**Task details**
Quote exactly and only this range of lines in the data below: the line that holds "Pray Big Y’all Leopard Trucker Hat" to the line that holds "Двухточечный тактический ремень JD-S-211", both included.

**Records drawn from a dataset**

-=-=-

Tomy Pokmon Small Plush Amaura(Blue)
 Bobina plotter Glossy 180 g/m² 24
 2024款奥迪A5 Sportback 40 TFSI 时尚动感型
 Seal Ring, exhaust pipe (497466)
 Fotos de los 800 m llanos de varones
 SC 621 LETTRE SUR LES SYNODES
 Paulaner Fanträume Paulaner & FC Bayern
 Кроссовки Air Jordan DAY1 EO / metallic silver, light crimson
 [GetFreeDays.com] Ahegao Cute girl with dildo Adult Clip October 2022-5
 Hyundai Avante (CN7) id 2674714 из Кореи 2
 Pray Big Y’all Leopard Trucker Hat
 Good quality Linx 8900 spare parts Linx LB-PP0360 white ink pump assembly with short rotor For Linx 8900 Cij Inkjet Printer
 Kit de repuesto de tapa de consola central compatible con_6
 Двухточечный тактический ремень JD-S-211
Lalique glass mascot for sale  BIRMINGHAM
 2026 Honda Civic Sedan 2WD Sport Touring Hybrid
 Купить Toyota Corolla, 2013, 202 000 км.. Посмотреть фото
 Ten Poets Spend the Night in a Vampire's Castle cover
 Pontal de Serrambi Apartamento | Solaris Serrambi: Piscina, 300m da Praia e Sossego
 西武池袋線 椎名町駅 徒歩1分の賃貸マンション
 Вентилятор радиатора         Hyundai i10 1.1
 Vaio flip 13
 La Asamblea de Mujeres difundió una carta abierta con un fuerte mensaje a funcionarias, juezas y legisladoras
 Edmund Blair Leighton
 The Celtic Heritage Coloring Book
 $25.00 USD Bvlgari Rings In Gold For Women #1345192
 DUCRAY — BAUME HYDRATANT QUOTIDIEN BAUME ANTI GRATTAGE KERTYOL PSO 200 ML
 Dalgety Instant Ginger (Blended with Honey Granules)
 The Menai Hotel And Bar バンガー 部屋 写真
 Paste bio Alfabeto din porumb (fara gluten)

-=-=-

**Reply**
 Pray Big Y’all Leopard Trucker Hat
 Good quality Linx 8900 spare parts Linx LB-PP0360 white ink pump assembly with short rotor For Linx 8900 Cij Inkjet Printer
 Kit de repuesto de tapa de consola central compatible con_6
 Двухточечный тактический ремень JD-S-211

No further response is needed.